## Dataset excerpts:

--- START ---

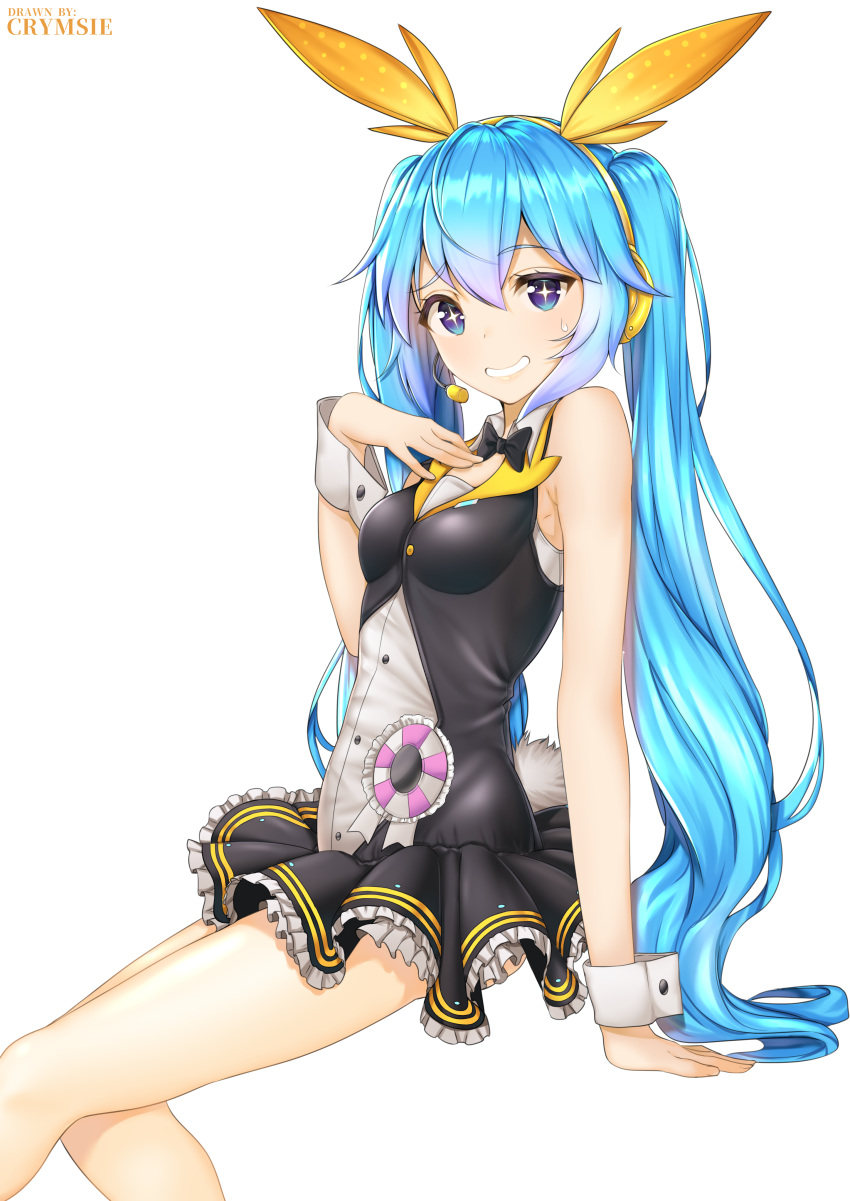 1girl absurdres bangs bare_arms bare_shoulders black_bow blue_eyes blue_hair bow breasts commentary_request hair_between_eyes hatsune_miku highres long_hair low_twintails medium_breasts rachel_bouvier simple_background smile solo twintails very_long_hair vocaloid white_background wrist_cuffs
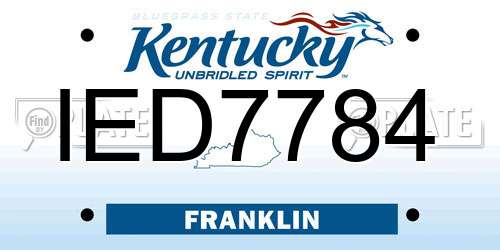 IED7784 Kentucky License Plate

--- END ---
--- START ---

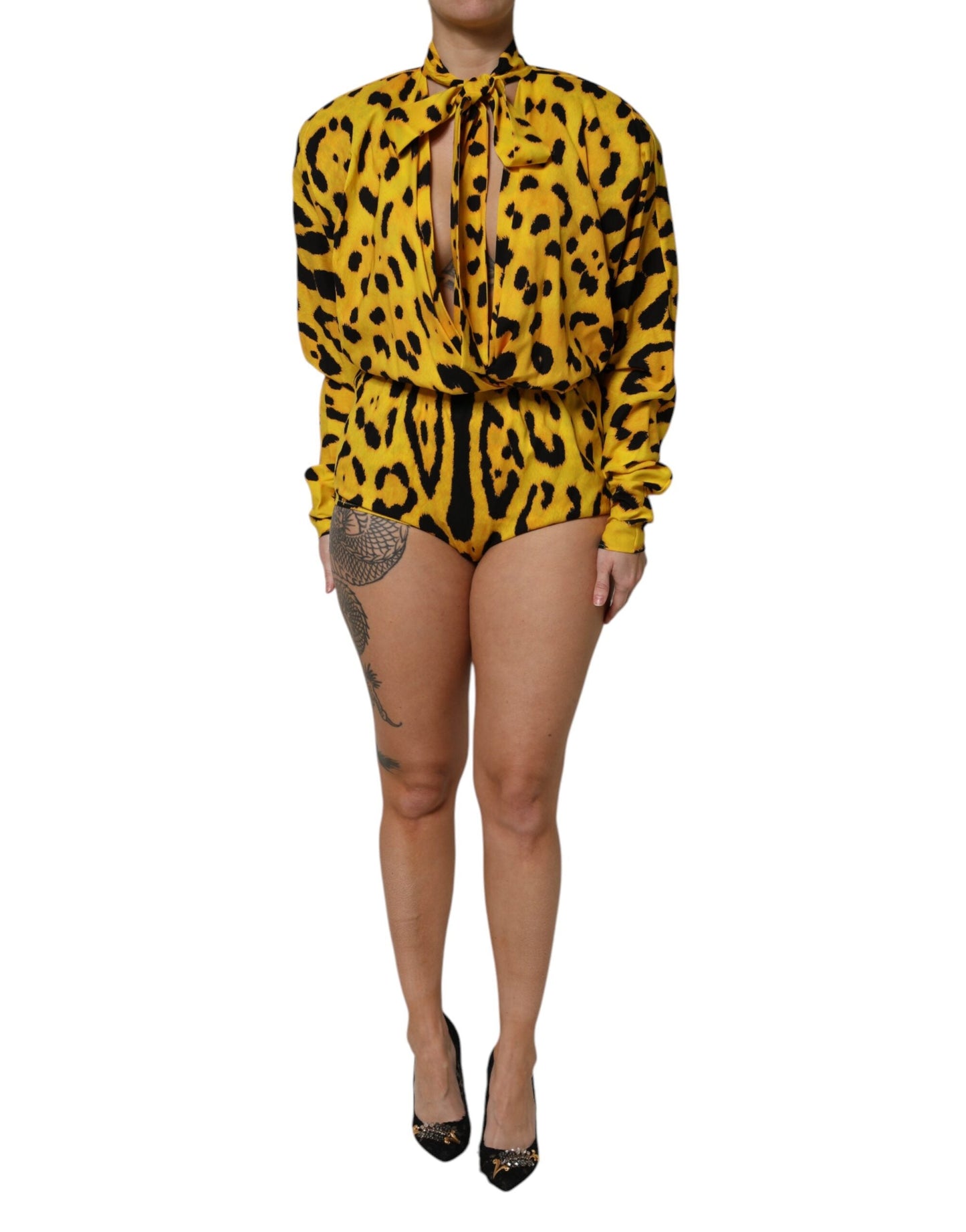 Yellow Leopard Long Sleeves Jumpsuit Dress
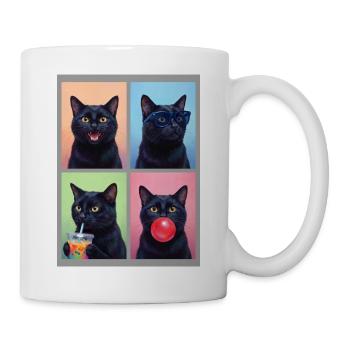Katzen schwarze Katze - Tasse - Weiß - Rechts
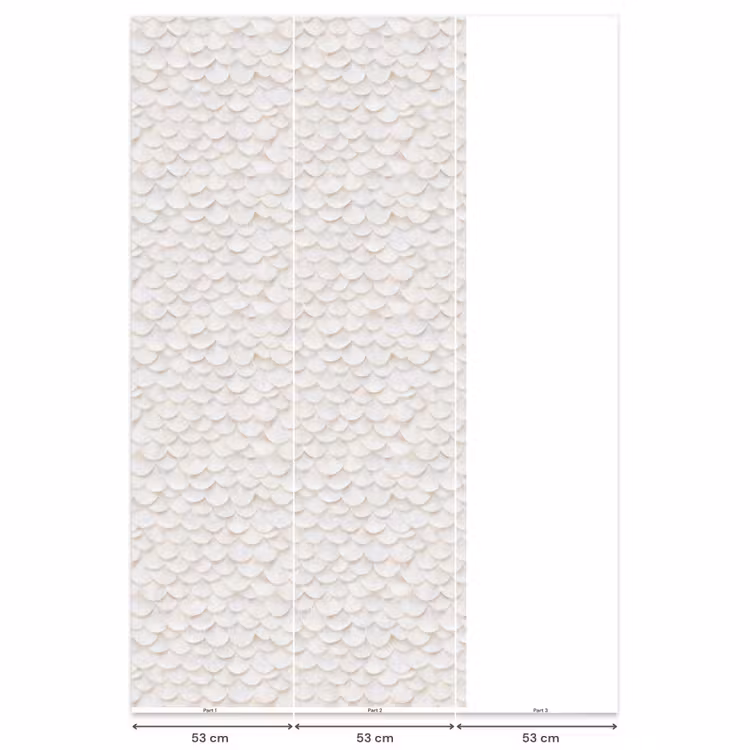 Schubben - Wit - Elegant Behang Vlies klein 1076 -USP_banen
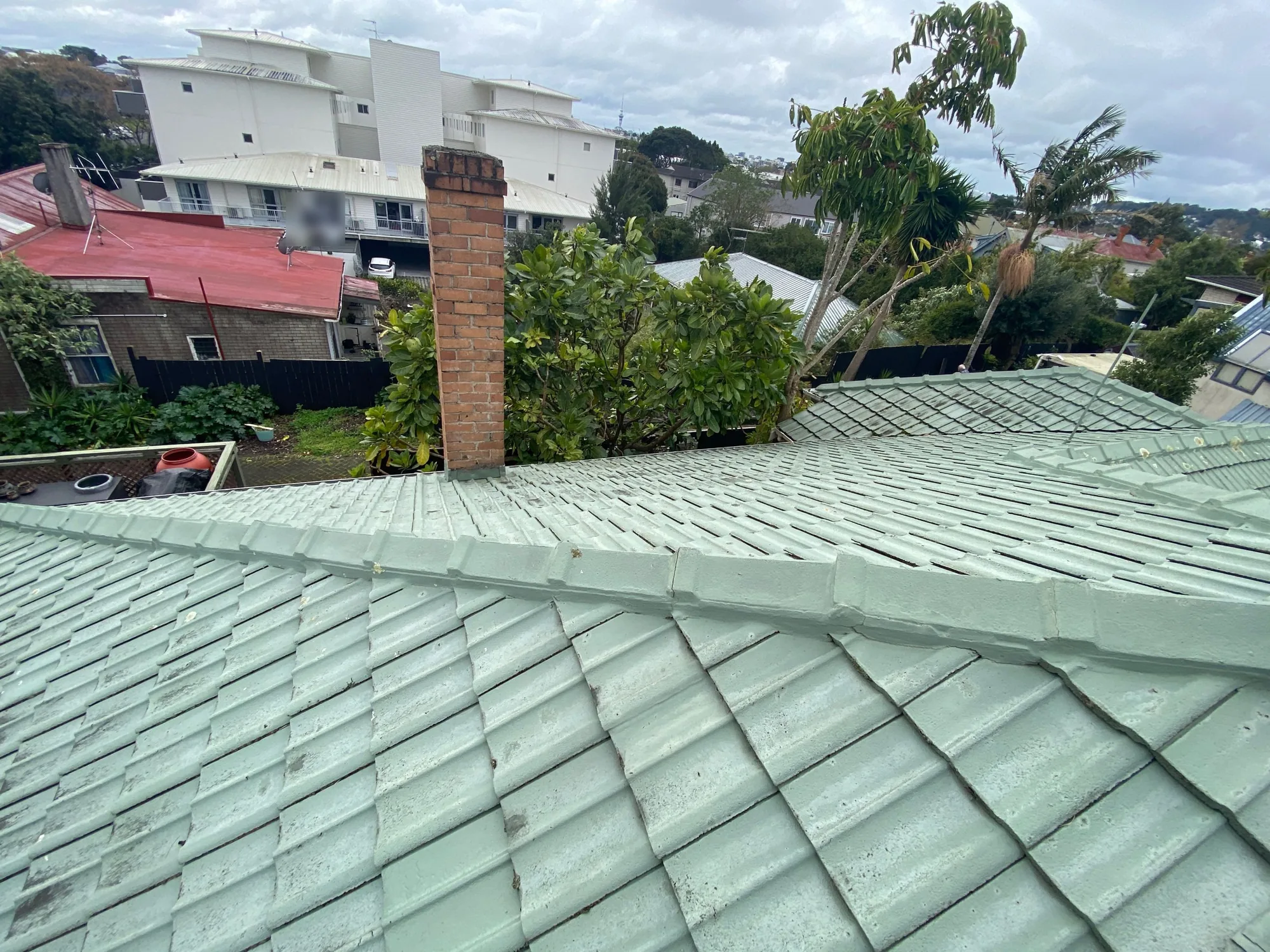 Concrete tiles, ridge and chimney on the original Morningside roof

--- END ---
--- START ---

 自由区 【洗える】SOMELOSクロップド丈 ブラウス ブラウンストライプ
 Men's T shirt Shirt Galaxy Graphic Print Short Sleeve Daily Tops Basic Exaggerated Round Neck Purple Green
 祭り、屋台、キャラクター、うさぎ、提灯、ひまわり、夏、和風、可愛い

--- END ---

## Work item:
Reproduce, exactly and only, the lines of the records above starting at the line with "1girl absurdres bangs" and ending at the line with "IED7784 Kentucky License Plate", both included. Leave every picture out.

## Task output:
 1girl absurdres bangs bare_arms bare_shoulders black_bow blue_eyes blue_hair bow breasts commentary_request hair_between_eyes hatsune_miku highres long_hair low_twintails medium_breasts rachel_bouvier simple_background smile solo twintails very_long_hair vocaloid white_background wrist_cuffs
 IED7784 Kentucky License Plate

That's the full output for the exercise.